The court's dismissal of the case extends a ruling that reinforces that FINRA members must "exhaust its administrative remedies" within FINRA and ultimately with the United States Securities & Exchange Commission and the United States Court of Appeals.  The Court's decision is not a ruling that FINRA may prohibit class waivers but instead states only that FINRA members must go through the FINRA  disciplinary process to determine if their class action waivers are enforceable.  If the Court's ruling becomes final, Schwab may appeal to the United States Court of Appeals for the Ninth Circuit.

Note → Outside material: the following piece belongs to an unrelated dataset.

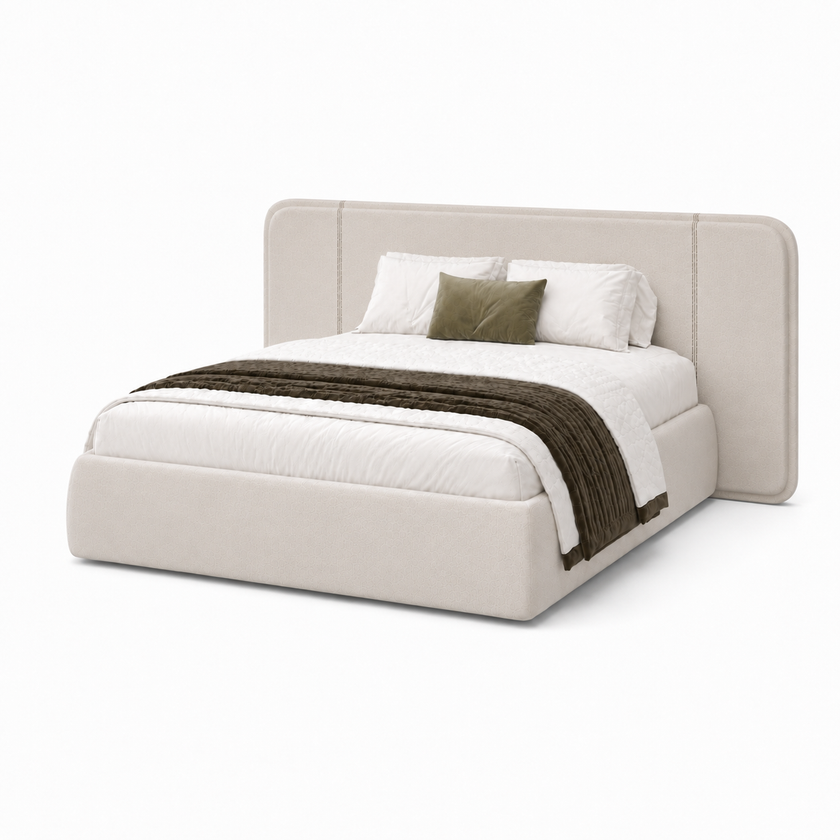 Serena Bed — Maison De Nour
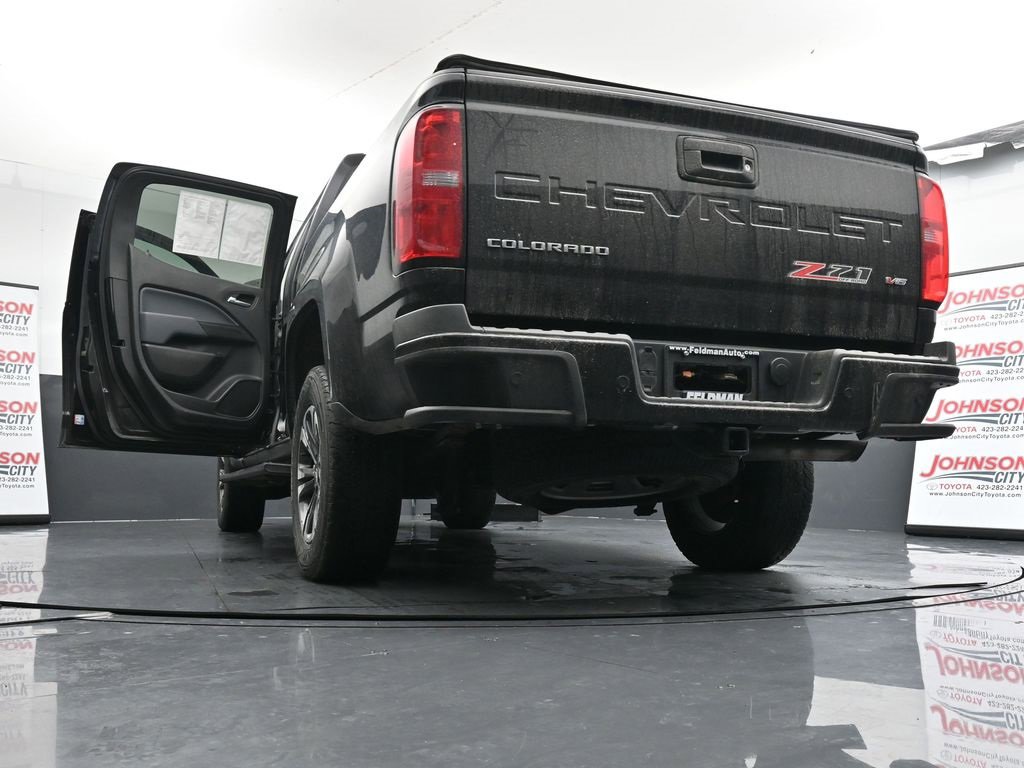 Used 2022 Chevrolet Colorado Z71 image 52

As background, Schwab had filed a declaratory judgment action against FINRA in the United States District Court for the Northern District of California on February 1, 2012, a few months after Schwab inserted a requirement into agreements with its customers that waives their right to bring an action in litigation or arbitration as a class action or representative action, and required that all claims be brought solely in the customer's individual capacity.  The complaint alleged that this "class action waiver amendment" was made in reliance upon the U.S. Supreme Court's decision in ATT Mobility v. Concepcion, which held that the Federal Arbitration Act (FAA) preempts state laws and judicial opinions that nullify class action waivers.  The Supreme Court extended the rule of ATT Mobility to claims based upon federal statutes in Compucredit Corp. v. Greenwood (decided January, 2012).  FINRA stated its rules prohibited Schwab from inserting its class action waiver in the pre-dispute arbitration agreement with Schwab's customers.  Schwab asserted that the previous NASD Rule had the force of a federal law and its use by FINRA to prohibit class action waiver provisions ran afoul of the FAA as interpreted by the US Supreme Court in ATT Mobility and Compucredit.  Schwab sought a declaration that NASD and FINRA rules could not be enforced to bar its own class action waiver provision, and an injunction against FINRA to preclude further enforcement proceedings against Schwab. 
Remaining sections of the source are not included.